# EXTRACTED DATA
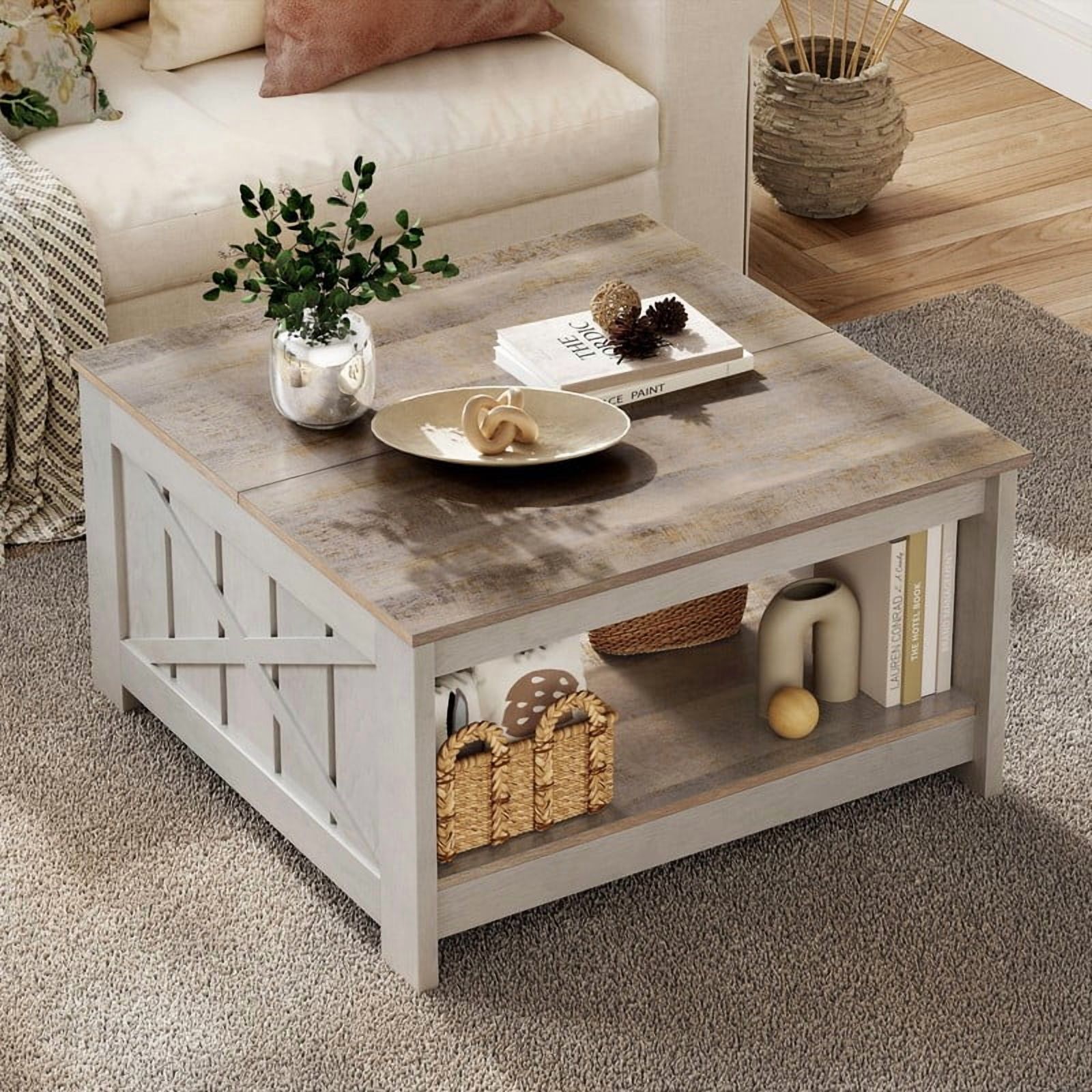 View of Yunken Coffee Tables for Living Room, Farmhouse Coffee Table with ...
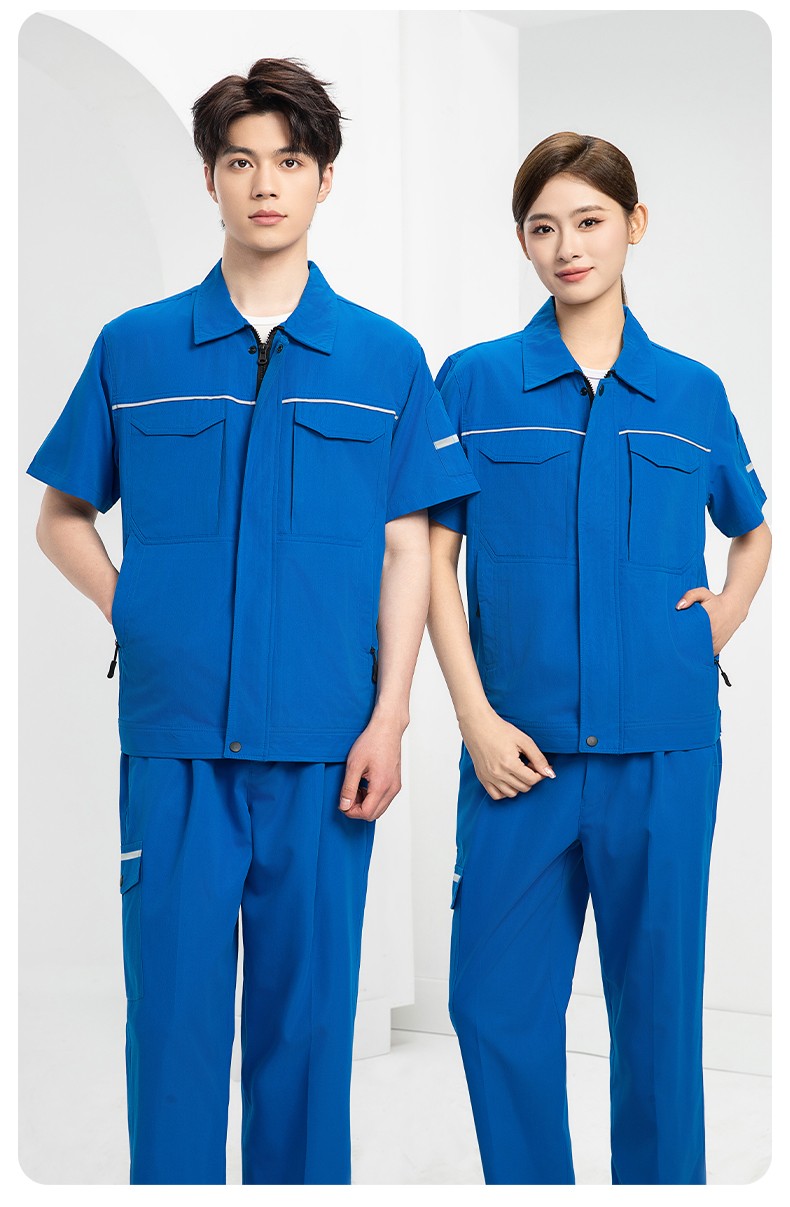 DM242X 夏季長袖工作服男套裝耐磨工廠車間廠服建筑施工勞保服汽修服定制(圖14)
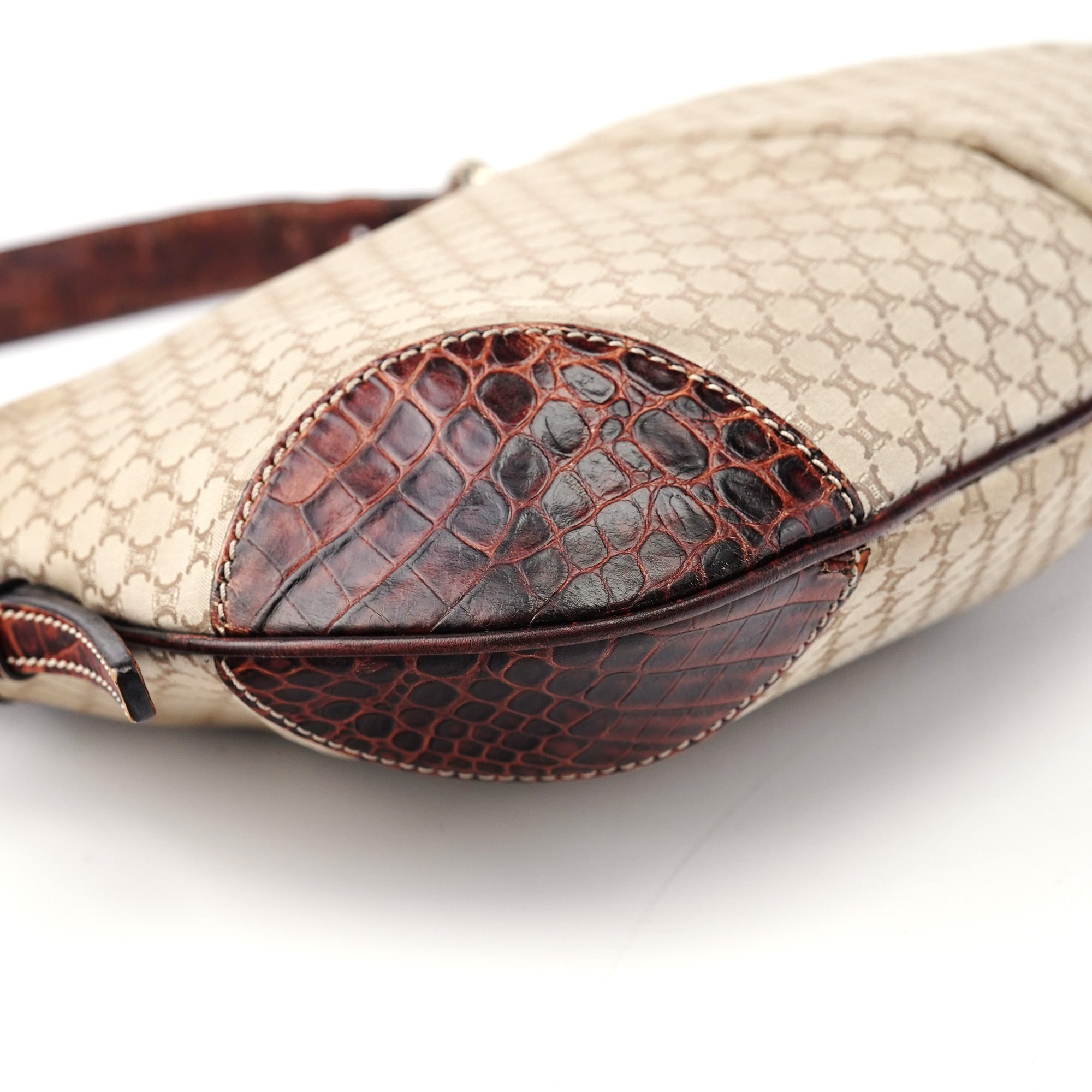 Beige Croc-Embossed Triomphe CC Shoulder Bag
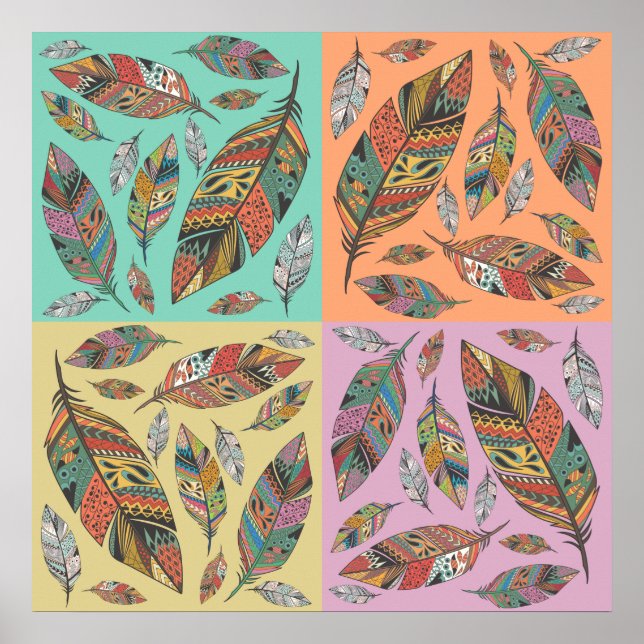 Póster Penas de Design tribais em quatro quadrados colori (Frente)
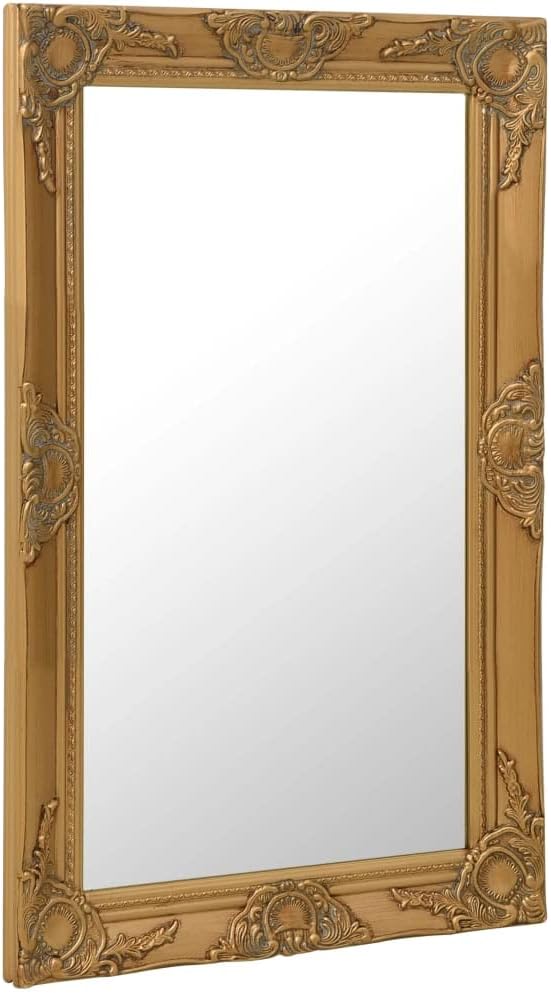 Wall Mounted Baroque Style Mirror 19.7"x31.5" in Gold, Ornately Designed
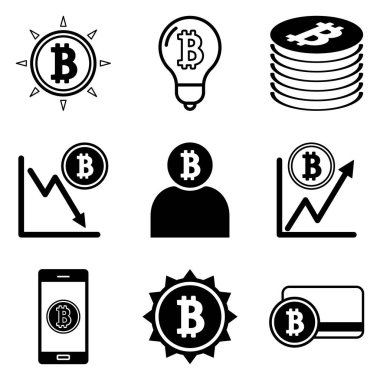 Bitcoin Düz Simge Seti Beyaz Arkaplanda İzole Edildi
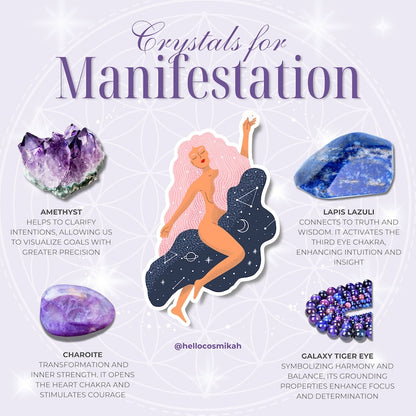Manifestation Crystal Bracelet: Amethyst, Lapis Lazuli, Tiger Eye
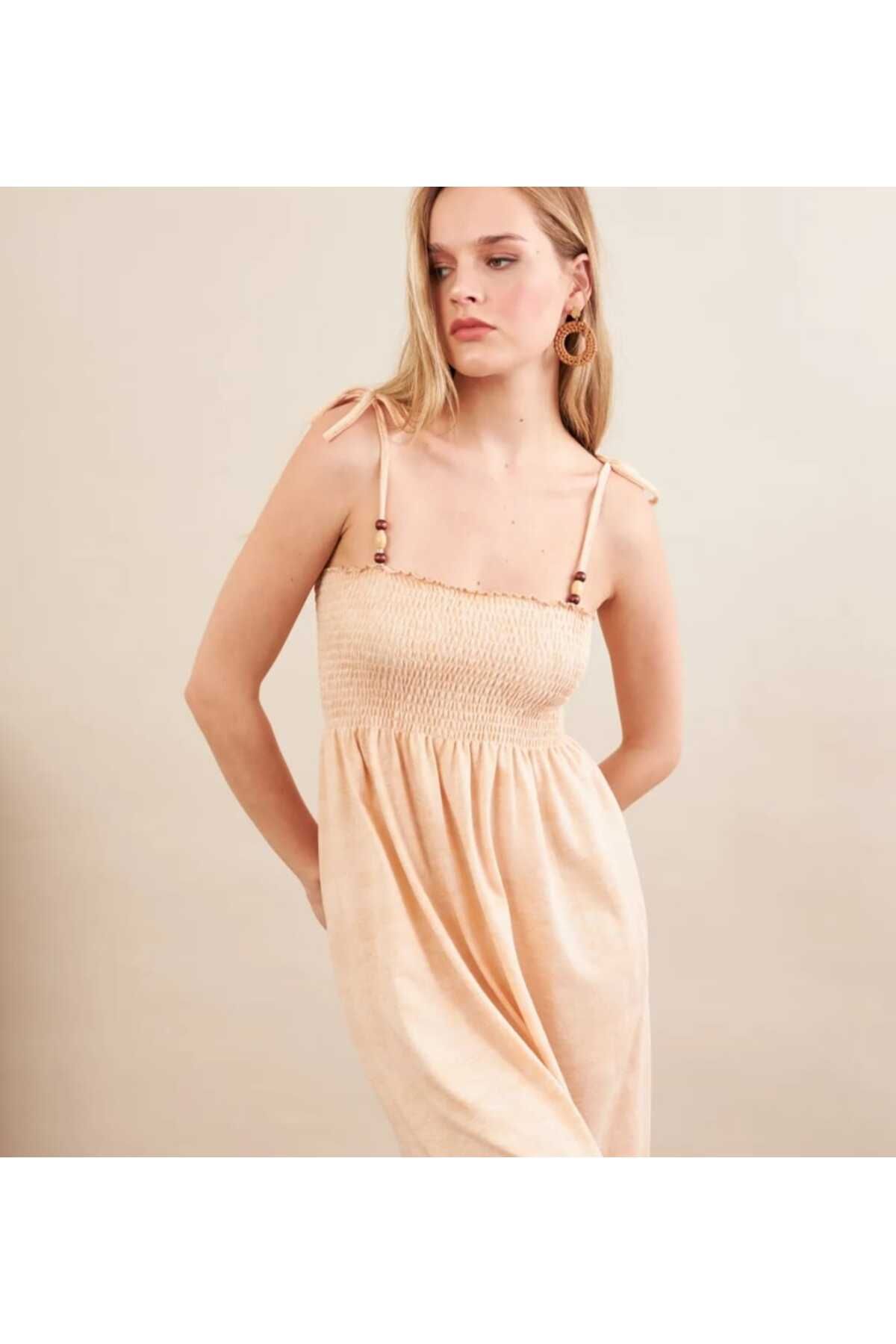 Handmade Elegance MARGOT Eteği Belden Açılan Gipeli Midi Dokuma Elbise %100 Pamuk
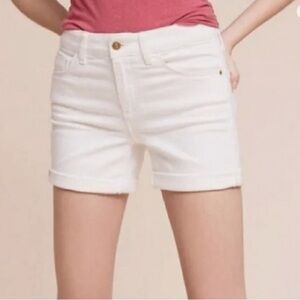 Pilcro Anthropologie White Denim Shorts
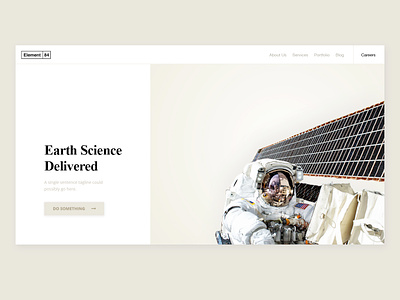 Earth Science Landing Concept astronaut earth earth science landing page minimal satellite science space splash typography web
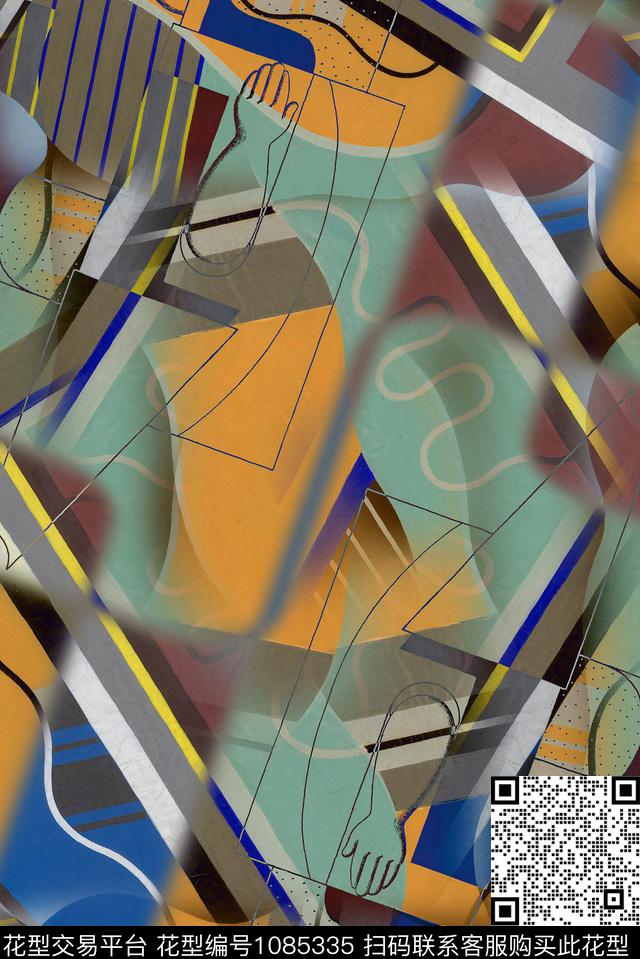 趣味抽象几何传统印花华亿平台下载（图片编号: 1085335） - 瓦栏（Walan）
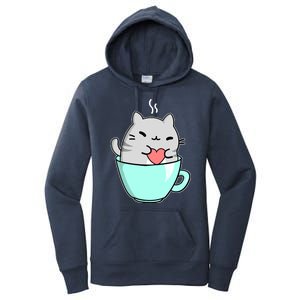 Cute Cat Coffee Lover Gift Women's Pullover Hoodie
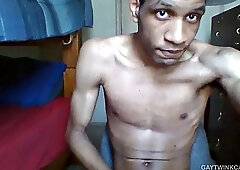 Black Amateur Twink Stroking His Big Dick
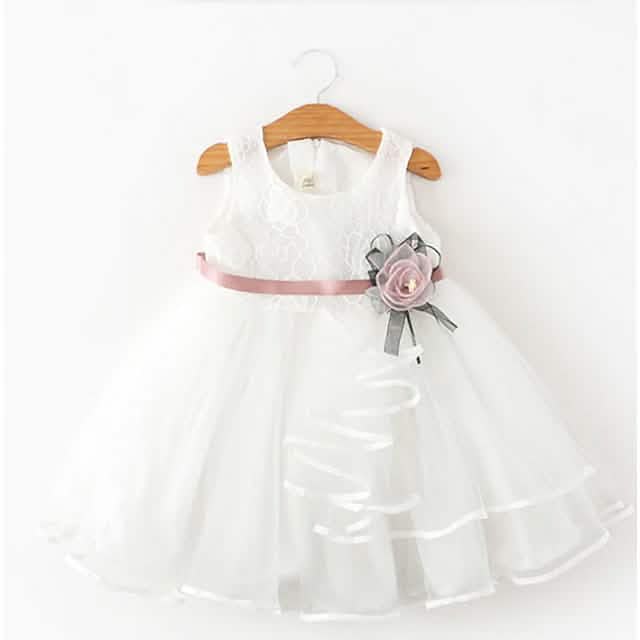 Girls flower swing dress — floral mesh lace overlay sleeveless dress for kids ages 1-6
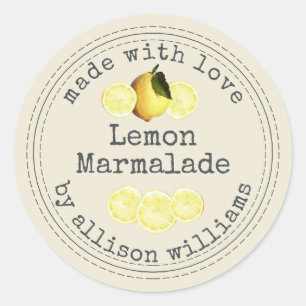 Sticker Rond Marmelade de citron maison rustique blanc antique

# WHAT YOU ARE ASKED TO DO
The data must be printed exactly, image-free.

# EXPECTED ANSWER
 View of Yunken Coffee Tables for Living Room, Farmhouse Coffee Table with ...
 DM242X 夏季長袖工作服男套裝耐磨工廠車間廠服建筑施工勞保服汽修服定制(圖14)
 Beige Croc-Embossed Triomphe CC Shoulder Bag
 Póster Penas de Design tribais em quatro quadrados colori (Frente)
 Wall Mounted Baroque Style Mirror 19.7"x31.5" in Gold, Ornately Designed
 Bitcoin Düz Simge Seti Beyaz Arkaplanda İzole Edildi
Manifestation Crystal Bracelet: Amethyst, Lapis Lazuli, Tiger Eye
 Handmade Elegance MARGOT Eteği Belden Açılan Gipeli Midi Dokuma Elbise %100 Pamuk
 Pilcro Anthropologie White Denim Shorts
 Earth Science Landing Concept astronaut earth earth science landing page minimal satellite science space splash typography web
 趣味抽象几何传统印花华亿平台下载（图片编号: 1085335） - 瓦栏（Walan）
 Cute Cat Coffee Lover Gift Women's Pullover Hoodie
 Black Amateur Twink Stroking His Big Dick
 Girls flower swing dress — floral mesh lace overlay sleeveless dress for kids ages 1-6
 Sticker Rond Marmelade de citron maison rustique blanc antique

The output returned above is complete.